Einstellungssache, es gibt einen regler in den Einstellungen wieviele Quests angezeigt werden von 1-10 standartmäßig halt auf 5 eingestellt.



Plitzkrieg schrieb:


> achso: auch sehr flopwürdig:
> 
> - die portale und die seelenabberufung ... tja, da ist man als skeptiker schon ziemlich weit fortgeschritten, hat das riesen gebiet mit den trollen und den titanen hinter sich gelassen ... will einfach mal endlich die fähigkeiten beim lehrer verbessern ... beruft die seele ab zur hauptstadt .... lernst deine skills ... willst zurück an die front ... tjo, pech gehabt! war leider noch kein portal auf dem weg .... ohhh diese wundervolle welt .... mount konnte ich mir damals noch nicht leisten ... ich war über 40 minuten unterwegs ... den fehler mach ich nie wieder!



einfach zum nächten Portal reiten:
1. kommt man leichter wieder hin
2. gibt es bei den meisten Portalen Lehrer sodass man gar nicht in die Hauptstadt muss.


----------



## Sin (1. April 2011)

Flop:

- 2 gegen 6 im BG
- BG Design
- Crafting
- Helmdesign bei Kettenrüstung

Top:
+ mal was neues


----------



## Ravolos (1. April 2011)

Top  : So ziemlich alles.
Flop : Mein 6 Monate alter Laptop könnte doch noch etwas leistungsstärker für Rift sein 

@Plitzkrieg:



> - die questverfolgung ist im grunde gut, nur dass man nur 5 quests gleichzeitig verfolgen kann und für alle nicht verfolgten nichtmal angezeigt wird, dass man sie abgeben kann, selbst wenn man neben der person steht ist ätzend! es ist einfach nur eckelhaft, wenn man das questlog aufmacht und sieht, das im vor 1h verlassenen gebiet noch 4 quests abgeschlossen sind und man gut 10 minuten zurückreiten muss.



Das ist so nicht ganz korrekt. Unter den Einstellungen kannst Du einstellen, daß bis zu 10 Quests verfolgt werden!


----------



## Plitzkrieg (1. April 2011)

Freakypriest schrieb:


> einfach zum nächten Portal reiten:
> 1. kommt man leichter wieder hin
> 2. gibt es bei den meisten Portalen Lehrer sodass man gar nicht in die Hauptstadt muss.

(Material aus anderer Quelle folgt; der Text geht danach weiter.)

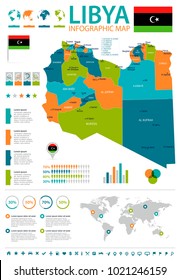 Libya infographic map and flag - High Detailed Vector Illustration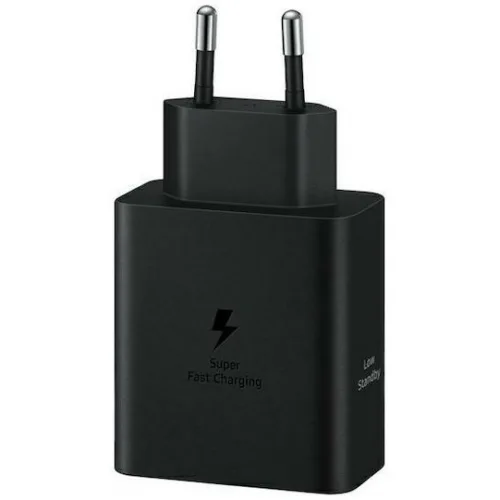 Samsung Φορτιστής με 2 Θύρες USB-C και Καλώδιο USB-C - USB-C 50W Power Delivery Μαύρος (EP-T5020X)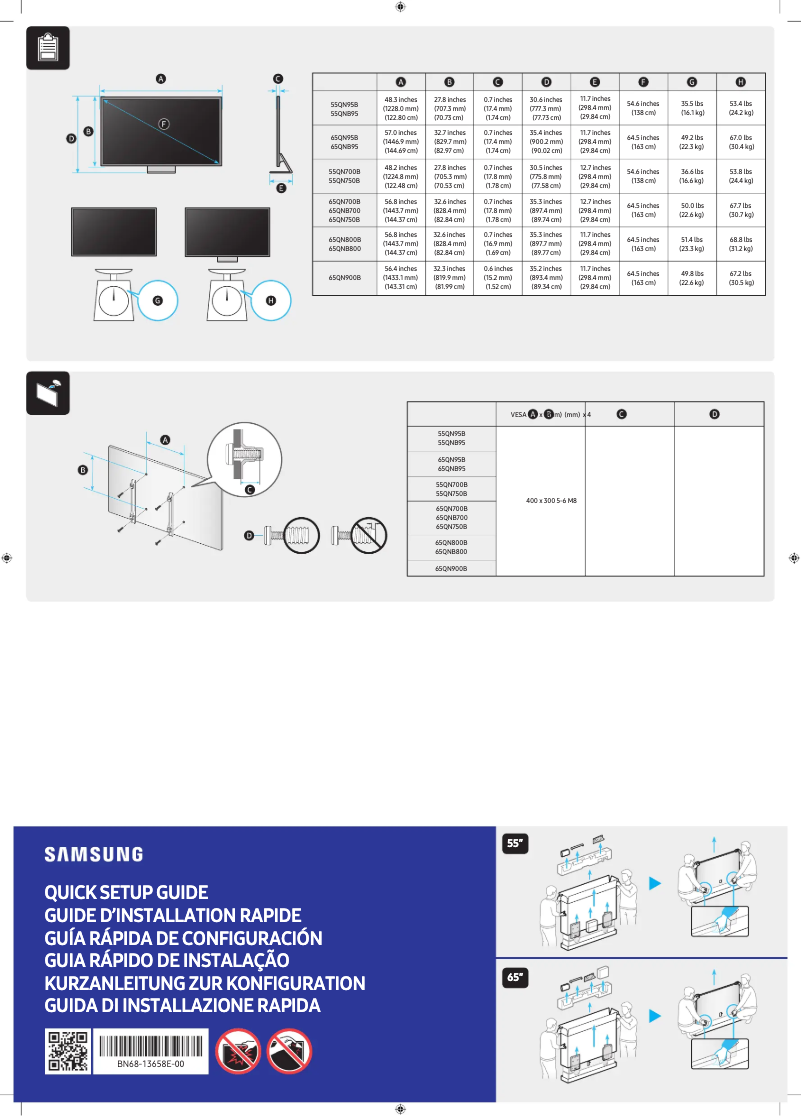 Image de la première page du manuel de l'appareil QA65QN900BS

eine gar vorzügliche idee, wenn denn ein portal in nächster nähe gewesen wäre ... auf dem ganzen weg der zurückgelegt wurde war keins, in keinem einzigen lager das man zwischendurch besucht hatte ... portale sind einfach viel zu spärlich gesäht ... jaja, wir sind von wow verwöhnt ... aber trotzdem kann es nicht das ziel eines spieles sein, einen absichtlich so mit nichtigkeiten zu stressen.



> Das ist so nicht ganz korrekt. Unter den Einstellungen kannst Du einstellen, daß bis zu 10 Quests verfolgt werden!

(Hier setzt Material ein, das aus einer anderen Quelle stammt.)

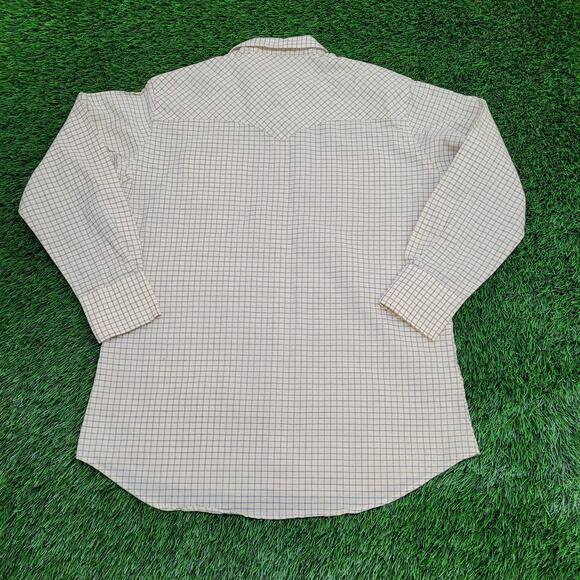 Vintage Ely-Cattleman Pearl Snap Button Shirt XL 23x32 Plaid - Picture 2 of 11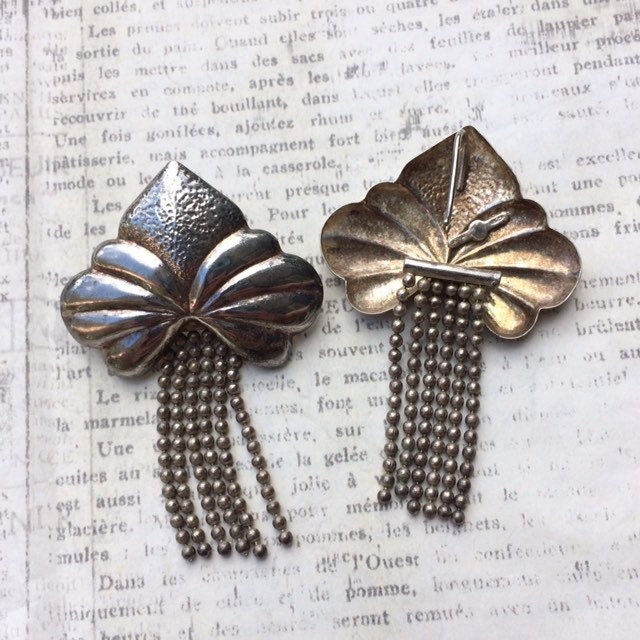 Vintage Silver Fringe Earrings | Italian Silver | Dangle Earrings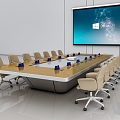 Modern Conference Table Conference Table Conference Table and Chair Seat Combination Light Luxury Conference Table Office Table and Chair 3d model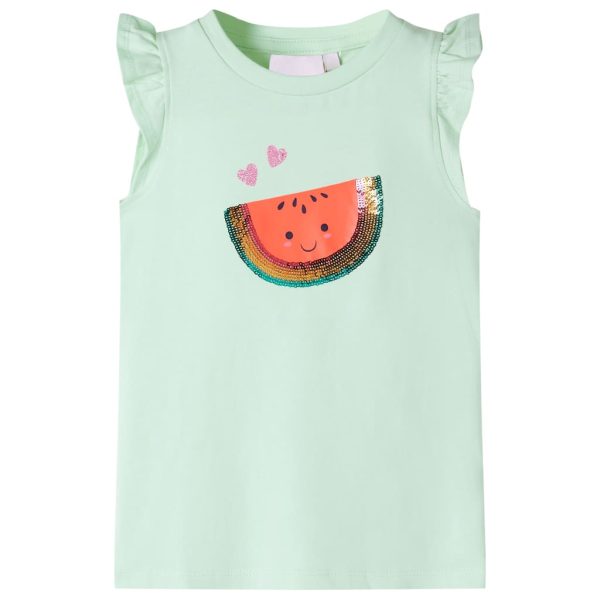 T-shirt para criança manga com folhos verde-suave 128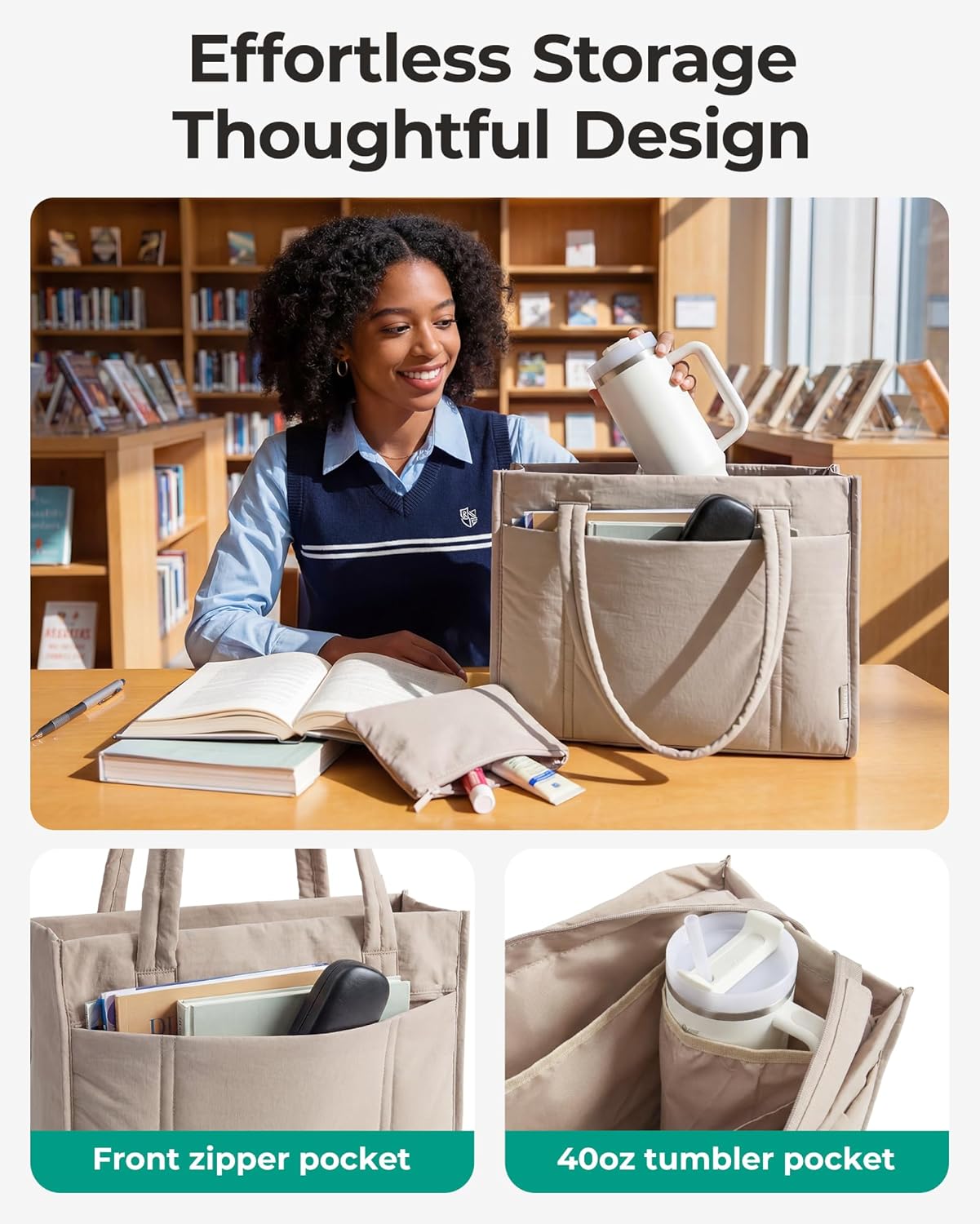 BAGSMART Tote Bag for Women, 2Pc Puffer Tote Bag with Zipper, Quilted Work Tote Teacher Bag Shoulder Handbag | Beach Tote, Diaper Bag Tote, for Travel, Gym, Lightweight, Fit 15.6" Laptop, 21L Medium Tote - Image 3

ja, ich habe das schon bei der ersten antwort verstanden, auch bei der zweiten und dritten wars mir bereits klar. vielleicht möchte mir noch eine person 5 oder 6 und 7 erklären, dass man die zahl hochdrehen kann?

trotzdem bleibt auch das ein unding, dass man wirklich NEBEN dem questgeber steht und einem einfach nicht angezeigt wird, dass dort eine quest abzugeben ist ... sowas simples sollte auch nicht von dem schieberegler beeinflusst werden! erstrecht, weil selbst die zahl 10 teilweise schnell viel zu niedrig werden kann.


----------



## Casp (1. April 2011)

Top:
PvP-System (Ränge, PvP-Seele, BGs)
super Talentsystem, werde sicher noch wochenlang an Skillungen basteln
stimmige und düstere Spielwelt (könnte aber etwas brutaler sein)

Flop:
Balance im PvP, hat sich aber mit dem Patch leicht gebessert
zu große Unterschiede durch Items/Ränge, auch deshalb balance-Probleme (siehe Champion)
Mein Zwerg ist leider ziemlich hässlich und erinnert eher an einen Gorilla 


Gruß, Andwari - Rhazade


----------



## Casp (1. April 2011)

Plitzkrieg schrieb:


> - die 3 seelenbäume ist ja eine schöne idee, aber leider total unnütz, wenn du 51 punkte in einen einzelnen baum investieren musst, um deren volles potential zu entfalten. du musst wirklich jeden scheiss mitskillen, sei er noch so schwachsinnig und nie benötigt, um das ultimate freizuschalten ... und dass kann es echt nicht sein! dann kann man sich die große vielfalt letztenendes auch sparen, weil letztendlich ist die variabilität so extrem eingeschränkt, dass sie eben kaum noch vorhanden ist.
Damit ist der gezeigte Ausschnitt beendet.